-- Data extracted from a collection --
———
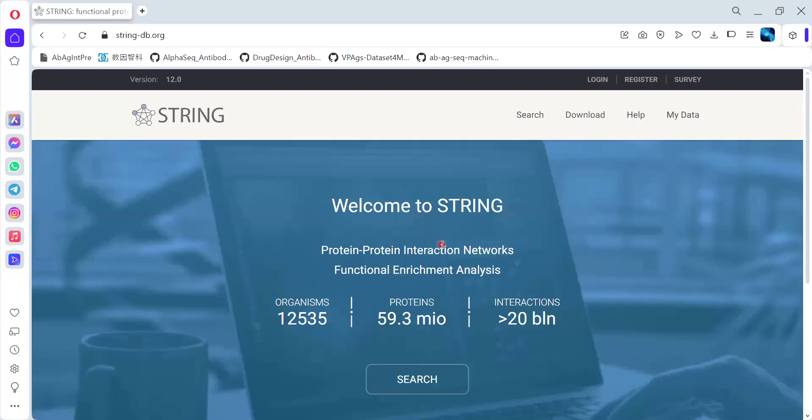Once again, a very warm welcome to all the YouTube subscribers of Futuromics. Today, we are going to discuss about one of the most important resources called the STRING database. With respect to that, we are going to see how to use the STRING database specifically for the protein-protein interaction network and how functional enrichment analysis can be done.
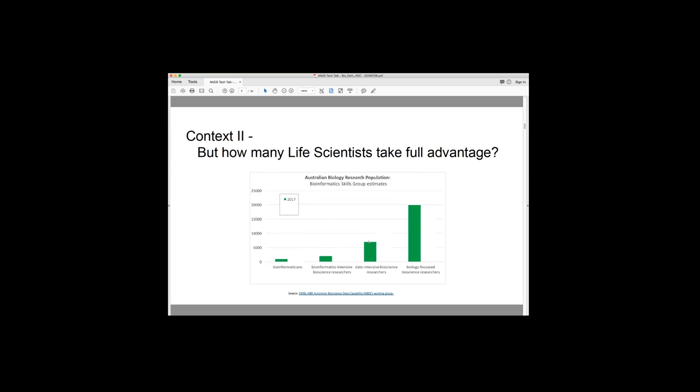So this next group here is what we call data-intensive bioscience researchers. And these are the group that is growing. So these are people who may have decided to do a gene sequencing experiment. They've sent their sample away to a sequencing facility. They've got the data and now they need to know what to do with it.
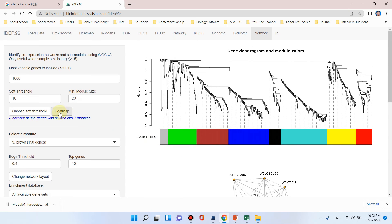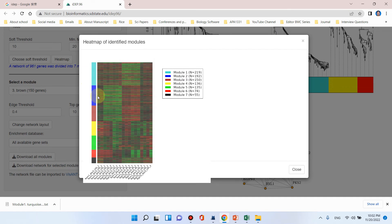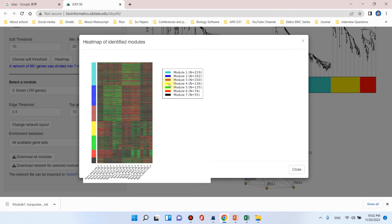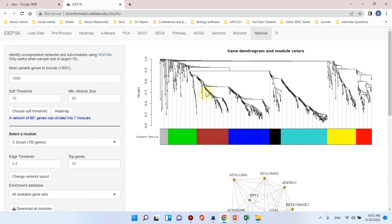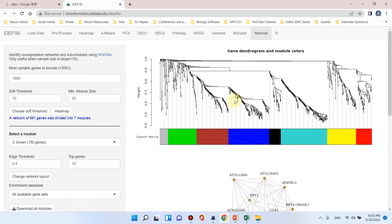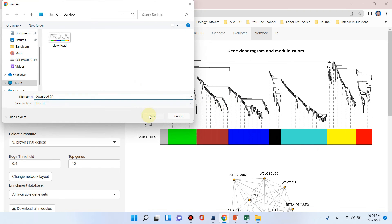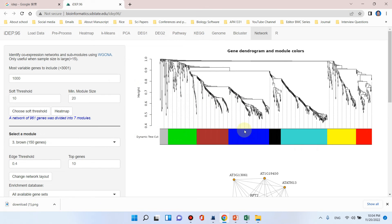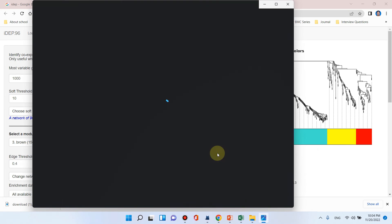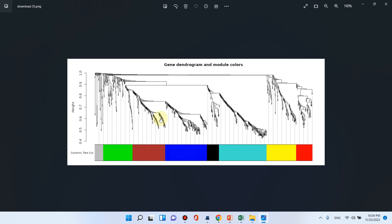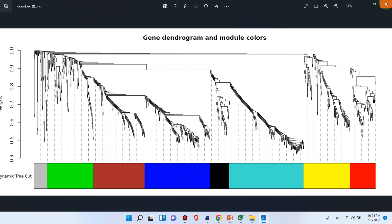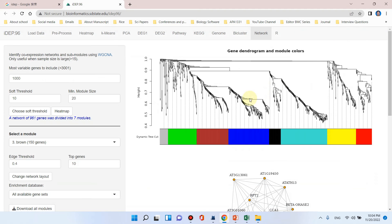If you want to compare all the genes of all modules you can simply click on this heat map. A heat map of identified modules has already been generated. Each module is being represented through one unique color and here are the types of treatment of the sample which we uploaded previously. If you want to save this gene dendrogram and module colors of this dynamic tree cut, you can simply click here and save this dendrogram as an individual figure and use it in your publications. The gene dendrogram has been saved in high quality resolution.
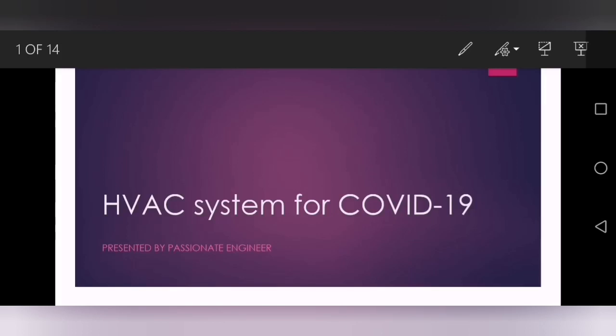Hello everyone, welcome to my YouTube channel. Kindly subscribe — I'm a passionate engineer. Today we will discuss the HVAC system for corona patients or corona hospital facilities, that is COVID-19.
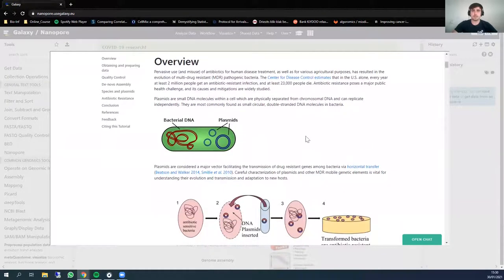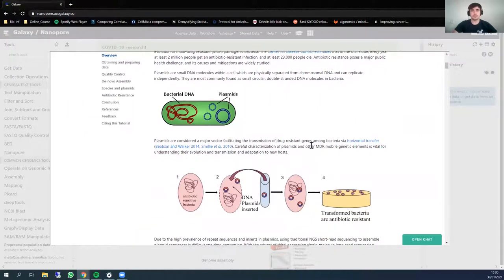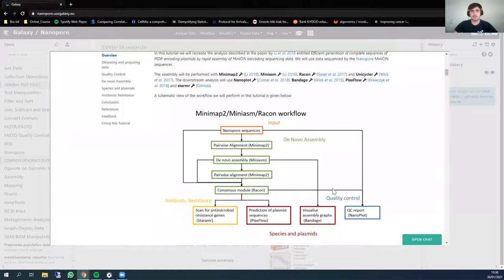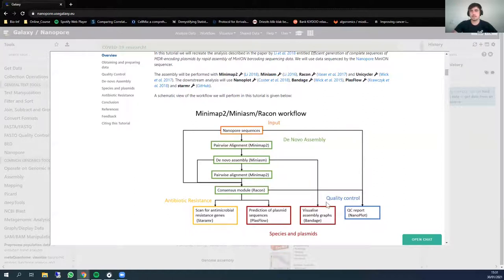Here you can find the introduction — feel free to read it yourself. I just want to point out that we are using data from Li et al., and you can find the publication by clicking the link. In this tutorial we will go through the workflow starting with the nanopore sequencing data. Here you can see all the steps I have just described, including antimicrobial resistance gene detection, plasmid prediction, visualization, and quality control reports.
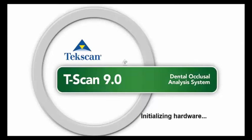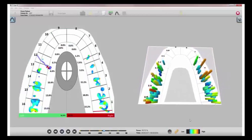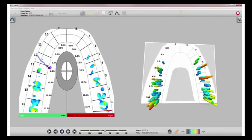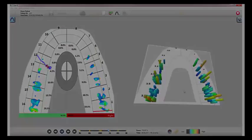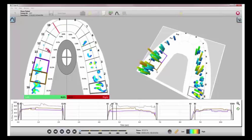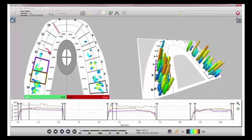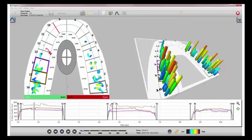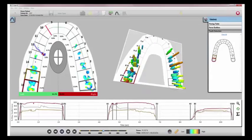T-Scan is a state-of-the-art digital occlusal analysis system that provides dynamic occlusal measurement. Software version 9.0 gives dentists comprehensive data to better understand and diagnose patients' occlusal issues. Features of the software allow dentists to analyze the forces on the teeth, making it easier than ever to identify premature contacts and loading pressure.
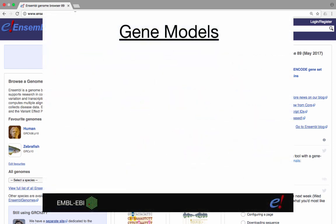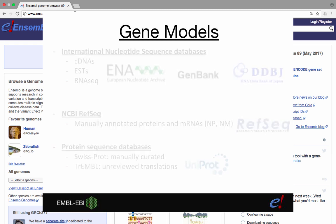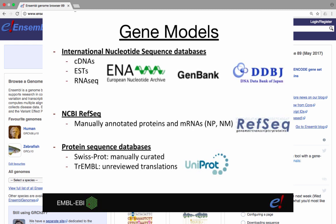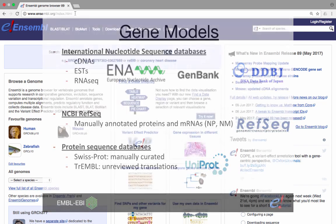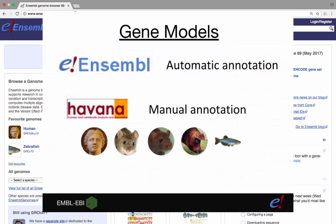For each species, Ensembl annotates a wide range of data onto the genome assembly. The first of these types of data is the gene models. For the prediction of gene models, called the GeneBuild, sequences from the International Nucleotide Sequence Databases, or INSDCs, NCBI RefSeq and UniProt are aligned to the genome. From these alignments, transcripts are then clustered together based on overlapping coding sequences to form Ensembl genes. This is called the automated gene annotation pipeline.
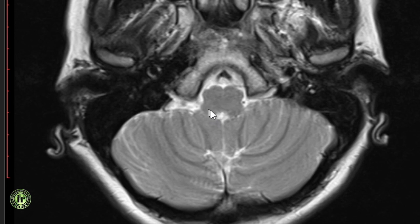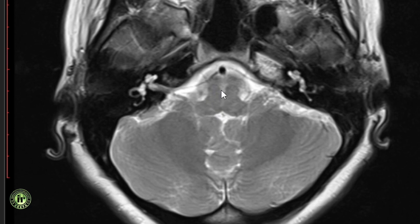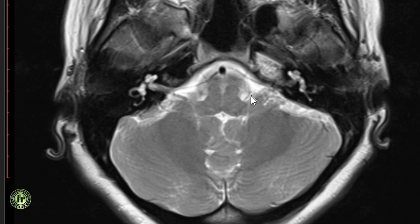On either side are the fasciculus cuneatus and gracilis transmitting the posterior column fibers. More cranially, the posterior eminences become more prominent, forming the inferior cerebellar peduncles. The dorsal surface of the medulla becomes the floor of the fourth ventricle. Along the lateral aspect, the fourth ventricle communicates through the foramen of Luschka with the cerebellopontine angle cisterns. This is an important pathway for the spread of intraventricular tumors into the subarachnoid space.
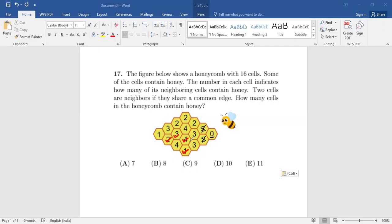Now this cell shows one, so only one of its neighbors has honey — which is already marked here. That means this one doesn't have honey and this one doesn't have honey. Similarly, this cell shows one, so only one of the neighboring cells has honey, which is the cell showing two. So this three doesn't have honey.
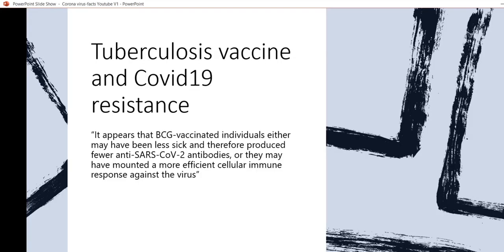What is the relation between tuberculosis vaccination and COVID-19? Scientists have shown that BCG-vaccinated individuals may have either been less sick and therefore produced fewer anti-COVID-19 antibodies, or they might have mounted a more efficient cellular immune response against the COVID-19 virus.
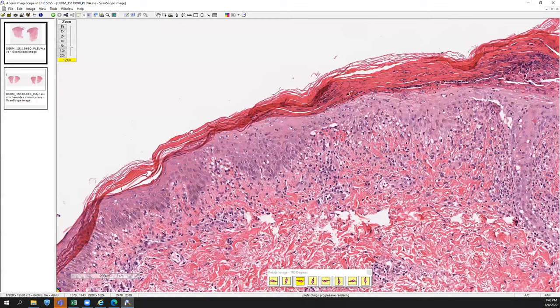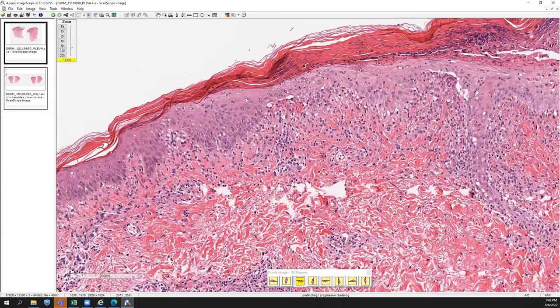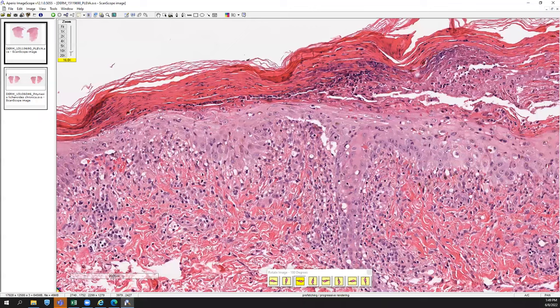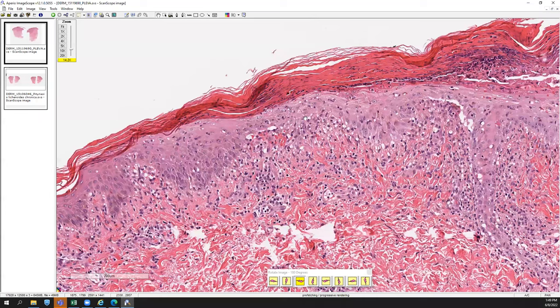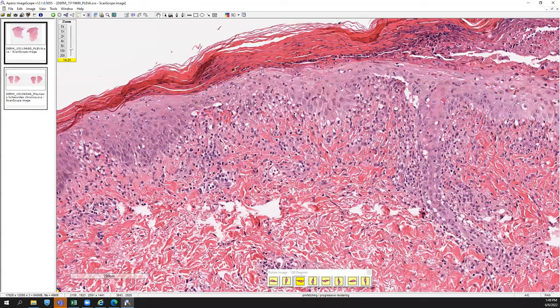Adjacent stratum corneum transitions into a basket-weave stratum corneum. The epidermis also contains scattered apoptotic or dyskeratotic cells, as you can appreciate here with this homogenous pink cytoplasm. There's also a very nice vacuolar interface change here, and underlying that even more so is a mild to moderate lymphocytic, almost band-like infiltrate going in parallel to the basement membrane.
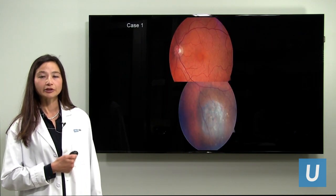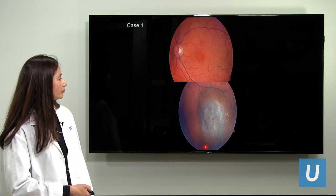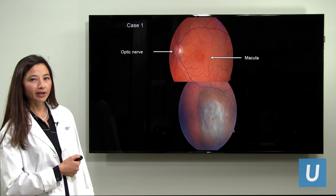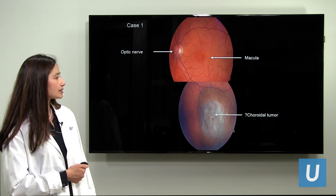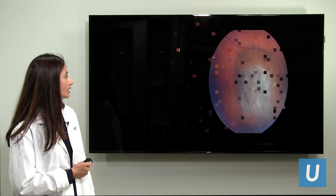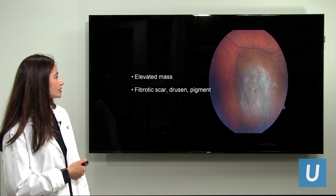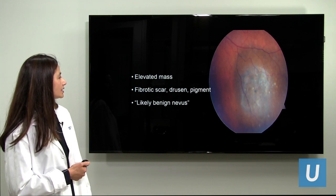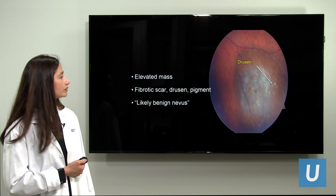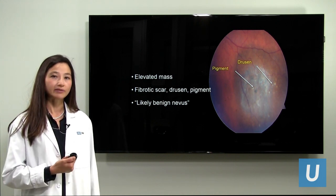Here is a case of a gentleman in his 70s found to have a pigmented lesion. Here is the optic nerve. The macula is the central area without vessels — that's the center of vision — and here is a possible choroidal tumor. The question is whether this is a melanoma or something benign. Taking a closer look, the lesion is elevated. It looks like there is a scar or some yellow tissue on it, along with drusen and pigment. Drusen are findings that require a long period of time to develop, as does focal pigmentation — signs that might suggest a benign lesion.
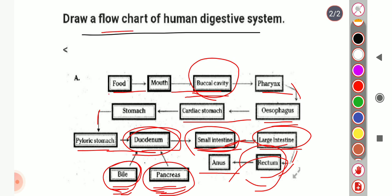To summarize the flowchart: food enters through the mouth, then the buccal cavity, then the pharynx, then the esophagus — a pipe-like structure — then the cardiac stomach, then the pyloric stomach, then the small intestine starting with the duodenum where bile and pancreatic enzymes act, then the large intestine which absorbs water, salts, and certain vitamins, then the rectum which stores wasteful material, and finally the anus through which waste is excreted outside the body.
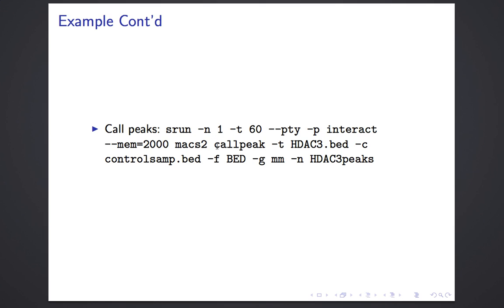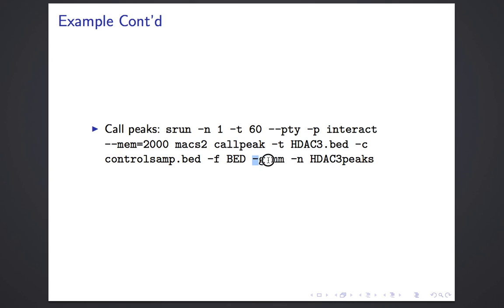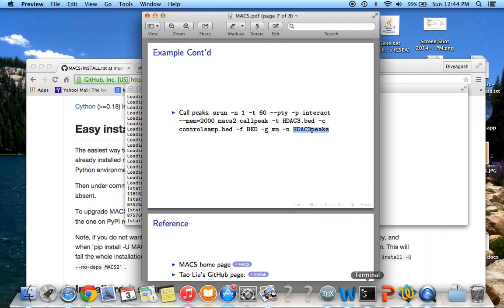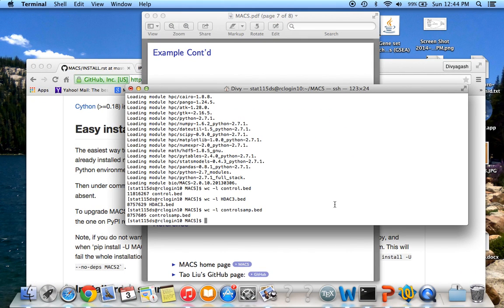To call peaks I use the callpeak command, specifying my treatment file, my control file, the format of the file which is BED format, the size of the genome, and the stem name for the output files.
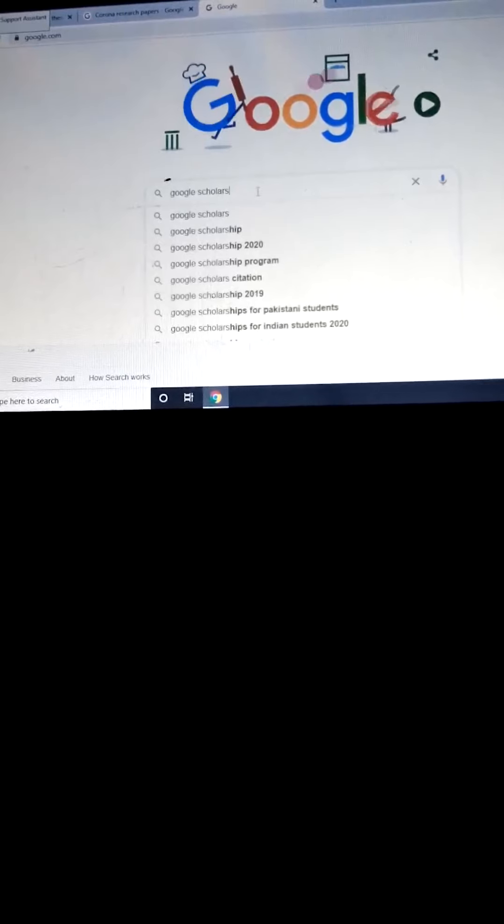Now what is the other option if we want to be very specific and apply some filters? On Google we will write 'Google Scholar.' Open Google Scholar, and here we will write our topic — like 'coronavirus infections'.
———
-- What the exercise asks --
Please set down every line of the data above precisely, dropping the images.

-- Finished task --
Once again, a very warm welcome to all the YouTube subscribers of Futuromics. Today, we are going to discuss about one of the most important resources called the STRING database. With respect to that, we are going to see how to use the STRING database specifically for the protein-protein interaction network and how functional enrichment analysis can be done.
So this next group here is what we call data-intensive bioscience researchers. And these are the group that is growing. So these are people who may have decided to do a gene sequencing experiment. They've sent their sample away to a sequencing facility. They've got the data and now they need to know what to do with it.
If you want to compare all the genes of all modules you can simply click on this heat map. A heat map of identified modules has already been generated. Each module is being represented through one unique color and here are the types of treatment of the sample which we uploaded previously. If you want to save this gene dendrogram and module colors of this dynamic tree cut, you can simply click here and save this dendrogram as an individual figure and use it in your publications. The gene dendrogram has been saved in high quality resolution.
Hello everyone, welcome to my YouTube channel. Kindly subscribe — I'm a passionate engineer. Today we will discuss the HVAC system for corona patients or corona hospital facilities, that is COVID-19.
Here you can find the introduction — feel free to read it yourself. I just want to point out that we are using data from Li et al., and you can find the publication by clicking the link. In this tutorial we will go through the workflow starting with the nanopore sequencing data. Here you can see all the steps I have just described, including antimicrobial resistance gene detection, plasmid prediction, visualization, and quality control reports.
T-Scan is a state-of-the-art digital occlusal analysis system that provides dynamic occlusal measurement. Software version 9.0 gives dentists comprehensive data to better understand and diagnose patients' occlusal issues. Features of the software allow dentists to analyze the forces on the teeth, making it easier than ever to identify premature contacts and loading pressure.
For each species, Ensembl annotates a wide range of data onto the genome assembly. The first of these types of data is the gene models. For the prediction of gene models, called the GeneBuild, sequences from the International Nucleotide Sequence Databases, or INSDCs, NCBI RefSeq and UniProt are aligned to the genome. From these alignments, transcripts are then clustered together based on overlapping coding sequences to form Ensembl genes. This is called the automated gene annotation pipeline.
On either side are the fasciculus cuneatus and gracilis transmitting the posterior column fibers. More cranially, the posterior eminences become more prominent, forming the inferior cerebellar peduncles. The dorsal surface of the medulla becomes the floor of the fourth ventricle. Along the lateral aspect, the fourth ventricle communicates through the foramen of Luschka with the cerebellopontine angle cisterns. This is an important pathway for the spread of intraventricular tumors into the subarachnoid space.
Now this cell shows one, so only one of its neighbors has honey — which is already marked here. That means this one doesn't have honey and this one doesn't have honey. Similarly, this cell shows one, so only one of the neighboring cells has honey, which is the cell showing two. So this three doesn't have honey.
What is the relation between tuberculosis vaccination and COVID-19? Scientists have shown that BCG-vaccinated individuals may have either been less sick and therefore produced fewer anti-COVID-19 antibodies, or they might have mounted a more efficient cellular immune response against the COVID-19 virus.
Adjacent stratum corneum transitions into a basket-weave stratum corneum. The epidermis also contains scattered apoptotic or dyskeratotic cells, as you can appreciate here with this homogenous pink cytoplasm. There's also a very nice vacuolar interface change here, and underlying that even more so is a mild to moderate lymphocytic, almost band-like infiltrate going in parallel to the basement membrane.
Here is a case of a gentleman in his 70s found to have a pigmented lesion. Here is the optic nerve. The macula is the central area without vessels — that's the center of vision — and here is a possible choroidal tumor. The question is whether this is a melanoma or something benign. Taking a closer look, the lesion is elevated. It looks like there is a scar or some yellow tissue on it, along with drusen and pigment. Drusen are findings that require a long period of time to develop, as does focal pigmentation — signs that might suggest a benign lesion.
To summarize the flowchart: food enters through the mouth, then the buccal cavity, then the pharynx, then the esophagus — a pipe-like structure — then the cardiac stomach, then the pyloric stomach, then the small intestine starting with the duodenum where bile and pancreatic enzymes act, then the large intestine which absorbs water, salts, and certain vitamins, then the rectum which stores wasteful material, and finally the anus through which waste is excreted outside the body.
To call peaks I use the callpeak command, specifying my treatment file, my control file, the format of the file which is BED format, the size of the genome, and the stem name for the output files.
Now what is the other option if we want to be very specific and apply some filters? On Google we will write 'Google Scholar.' Open Google Scholar, and here we will write our topic — like 'coronavirus infections'.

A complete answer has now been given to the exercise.